Die EU-Kommission hat die Risiken der Gen-Kartoffel Amflora auf Druck der Industrielobby ignoriert. Die Gefahr, dass sie in die Nahrungskette gerät, ist groß.

N ur zu Papier und Klebstoff, nicht zu Lebensmitteln soll die jetzt von der EU zugelassene Genkartoffel Amflora verarbeitet werden. Mit dieser Einschränkung versucht der Chemiekonzern BASF, die Öffentlichkeit zu beruhigen - und zu zeigen, dass Gentechnik ungefährlich sei.

Dabei ist Amflora völlig untypisch. 80 Prozent der weltweit angebauten Genpflanzen sind gegen Pestizide resistent. Sie erlauben den Bauern, noch mehr Gift gegen Unkräuter einzusetzen, was diese wiederum widerstandsfähiger werden lässt, sodass die Pestizid-Dosis erhöht werden muss: ein Teufelskreis. Andererseits führen solche Genpflanzen zu Monokulturen: Statt häufig die Frucht auf einem Feld zu wechseln, um das Aufkommen von Unkräutern zu dämpfen, wird immer die gleiche Genpflanze angebaut. Auch das steigert langfristig den Verbrauch von Pestiziden und gefährdet die Artenvielfalt.

Amflora ist nicht gegen Pestizide immun: Sie bildet lediglich eine besonders gute Stärkeart. Das Risiko, dass die Kartoffel in die Nahrungskette gelangt, ist trotzdem hoch. Denn nach jeder Ernte bleiben auf jedem Hektar Feld zehntausende Knollen liegen. Werden dort später konventionelle Speisekartoffeln gepflanzt, sind sie von Amflora nicht mehr zu trennen. Bedenklich daran ist, dass die Amflora gegen zwei Antibiotika widerstandsfähig ist. Es ist nicht auszuschließen, dass diese Medikamente nicht mehr wirken, wenn man Amflorabestandteile zu sich nimmt.

Jost Maurin

ist Redakteur im Ressort Wirtschaft und Umwelt bei der taz.

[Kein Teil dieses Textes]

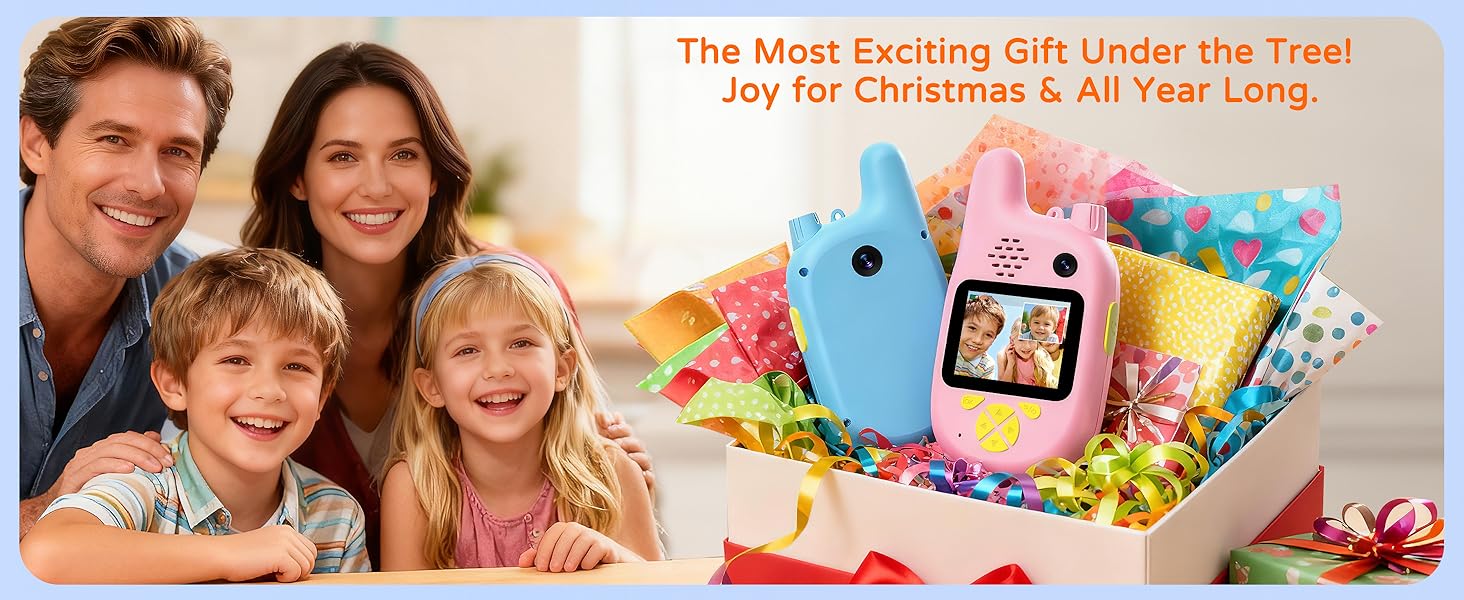video walkie talkies for kids with dual cameras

Die EU-Kommission hat diese Risiken auf Druck der Industrielobby ignoriert. Die Umweltbewegung muss jetzt mit aller Vehemenz auf die Gefahren hinweisen. Denn dann könnte der Widerstand in der Bevölkerung so stark werden, dass sich kein Unternehmen traut, Amflora zu nutzen.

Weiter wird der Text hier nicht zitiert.